Problem:
Look below for the line with "Security scan screenshot" and the line with "Tommy Bahama Short-Sleeve". Copy exactly those two lines and every line between, but not the pictures.

START Entries provided

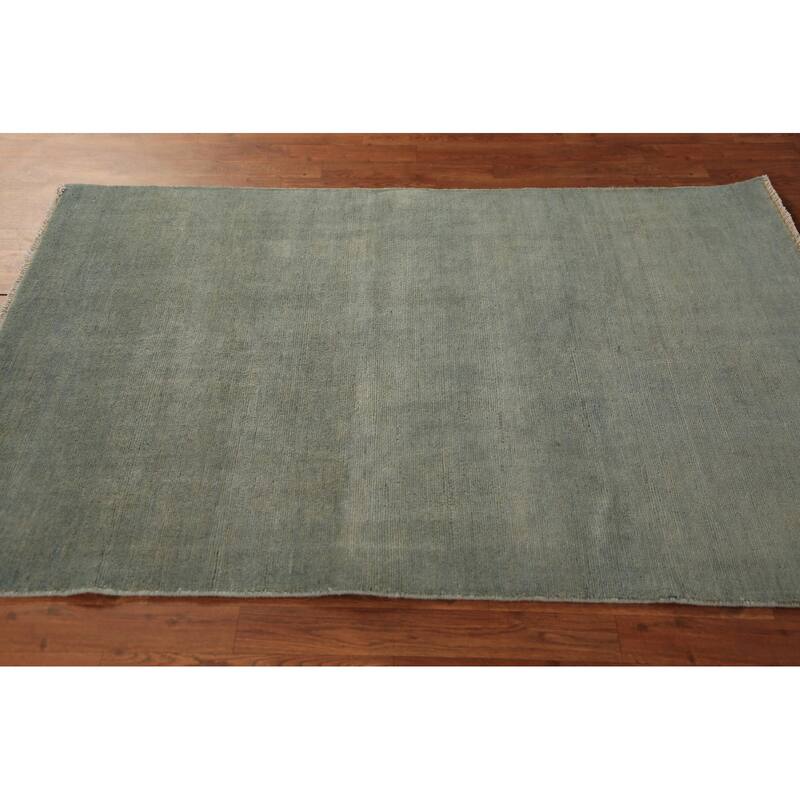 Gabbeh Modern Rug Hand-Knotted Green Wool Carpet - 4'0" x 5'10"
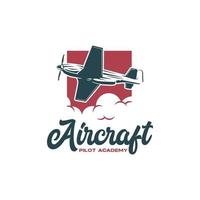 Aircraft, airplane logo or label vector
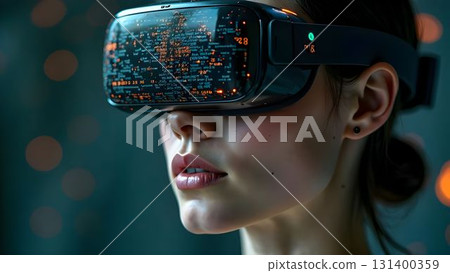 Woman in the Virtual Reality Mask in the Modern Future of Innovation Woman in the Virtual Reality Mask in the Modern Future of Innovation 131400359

END Entries provided
START Entries provided

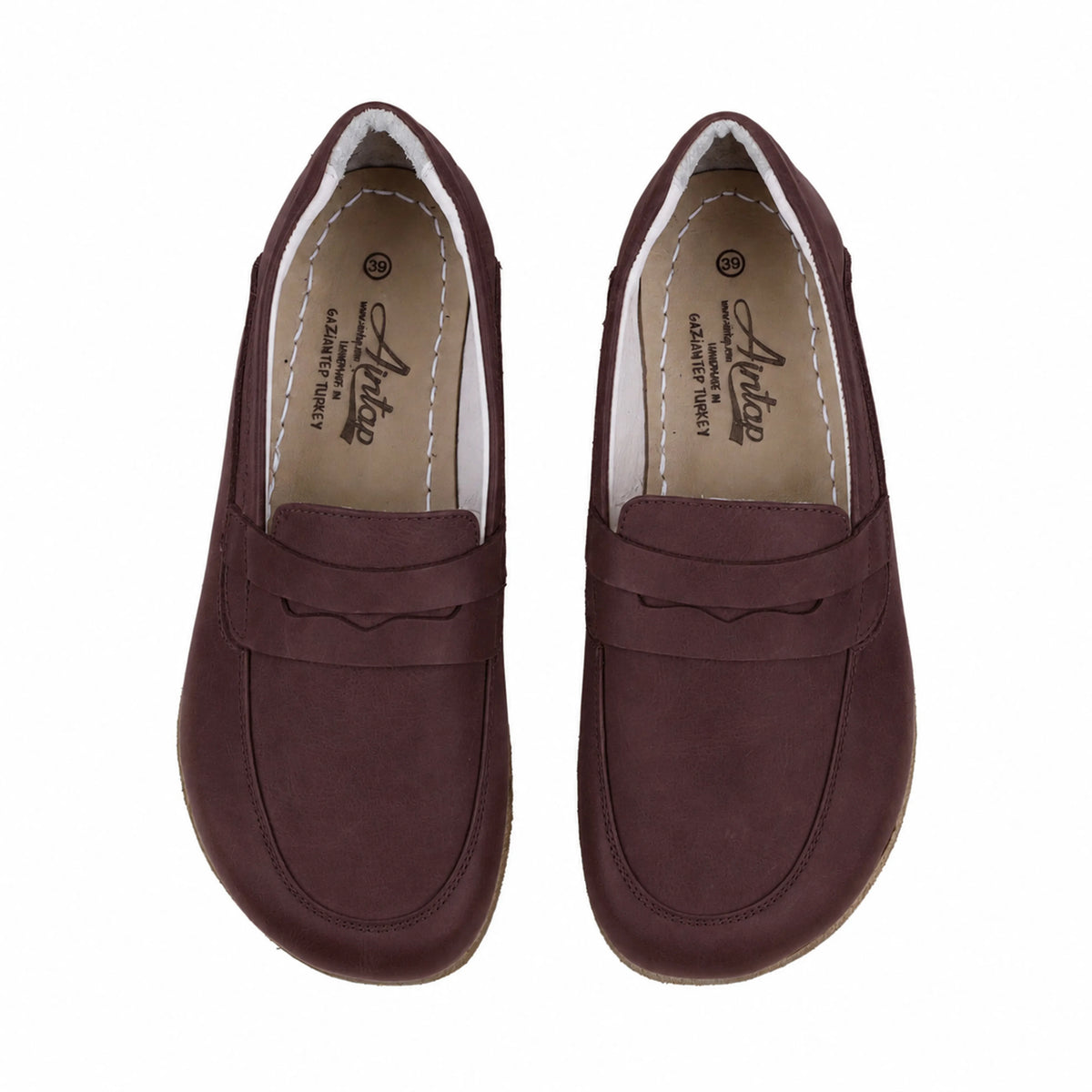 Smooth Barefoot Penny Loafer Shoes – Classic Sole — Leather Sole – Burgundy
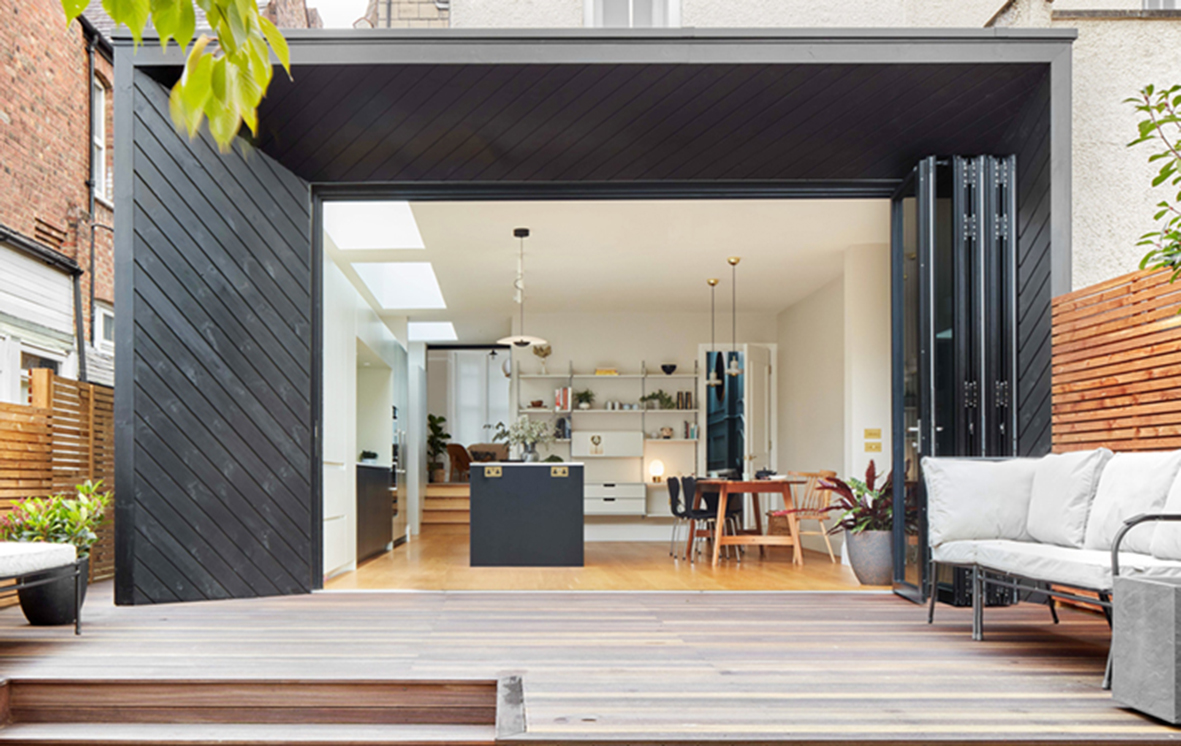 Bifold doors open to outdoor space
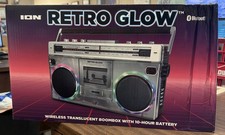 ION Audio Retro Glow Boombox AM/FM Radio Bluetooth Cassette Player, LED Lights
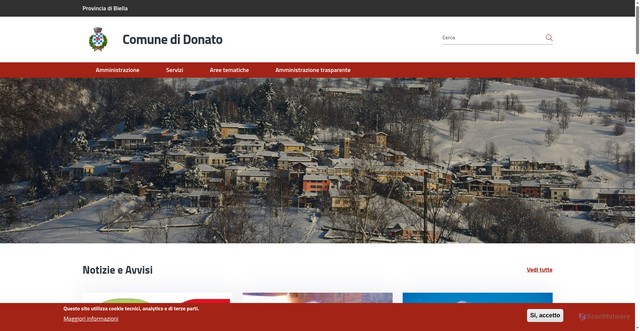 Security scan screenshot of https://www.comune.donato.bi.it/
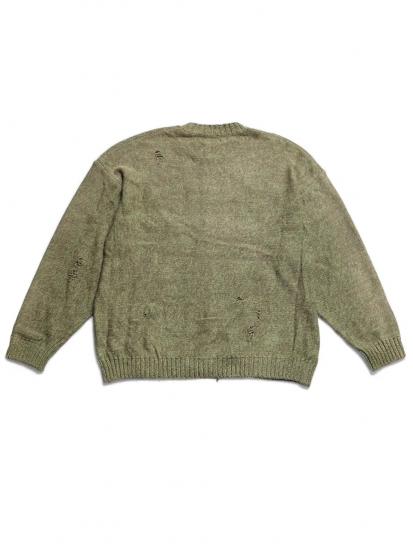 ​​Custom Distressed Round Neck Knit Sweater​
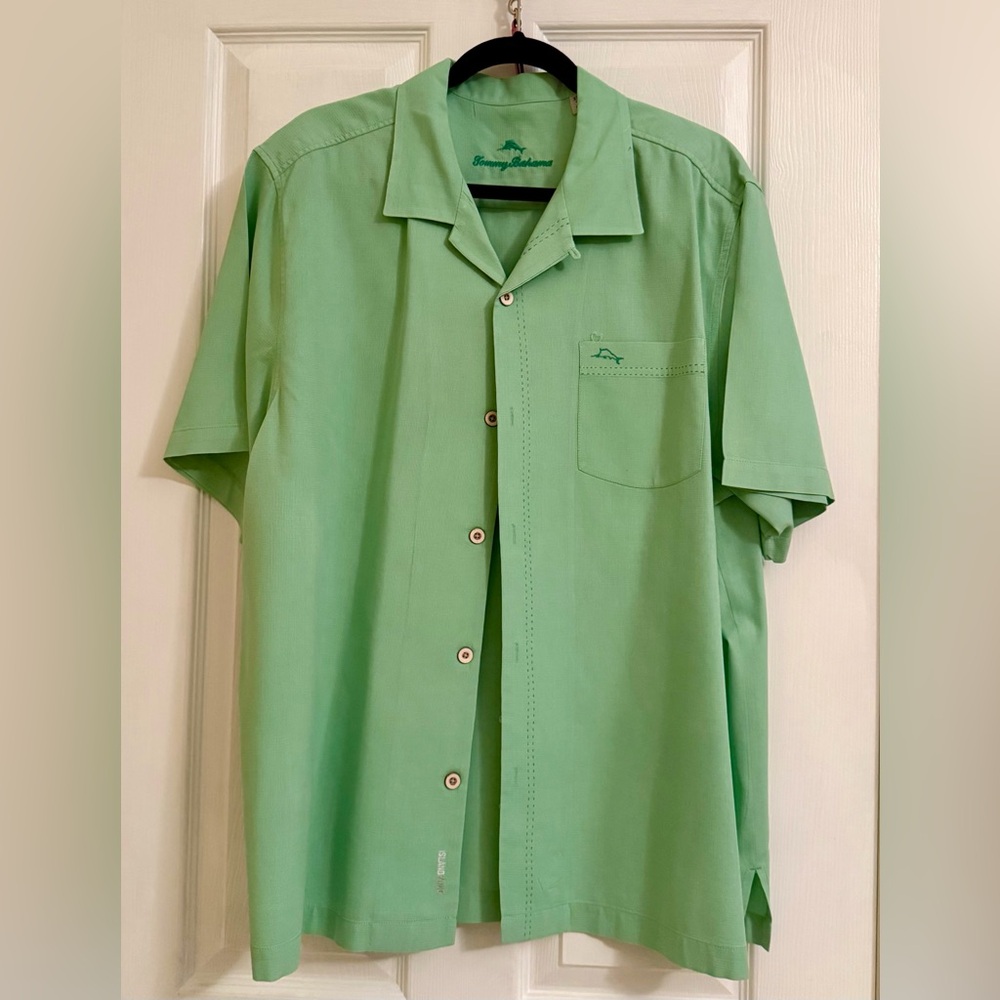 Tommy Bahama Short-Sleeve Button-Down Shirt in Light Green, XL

END Entries provided
START Entries provided

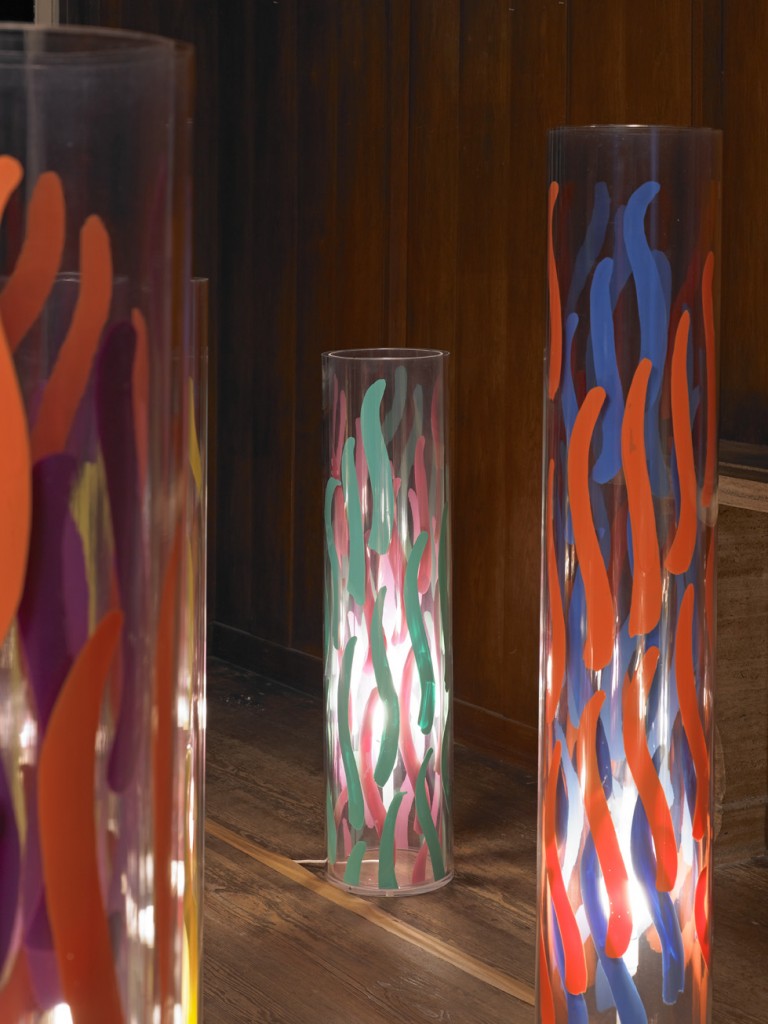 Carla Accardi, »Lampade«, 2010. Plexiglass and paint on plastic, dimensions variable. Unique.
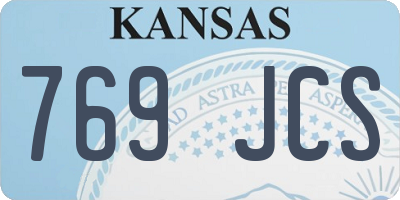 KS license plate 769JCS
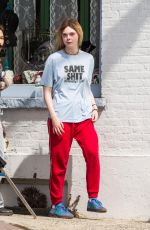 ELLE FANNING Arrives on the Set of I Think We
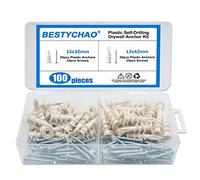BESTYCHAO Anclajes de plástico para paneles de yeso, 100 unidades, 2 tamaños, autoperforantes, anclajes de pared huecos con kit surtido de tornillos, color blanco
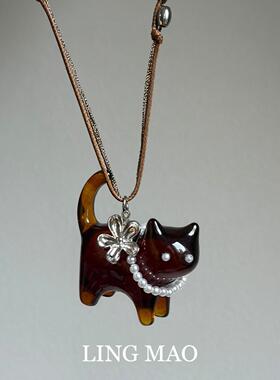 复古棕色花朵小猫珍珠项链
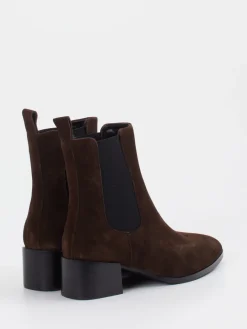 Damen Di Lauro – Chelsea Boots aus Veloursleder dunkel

END Entries provided

Solution:
 Security scan screenshot of https://www.comune.donato.bi.it/
 ​​Custom Distressed Round Neck Knit Sweater​
 Tommy Bahama Short-Sleeve Button-Down Shirt in Light Green, XL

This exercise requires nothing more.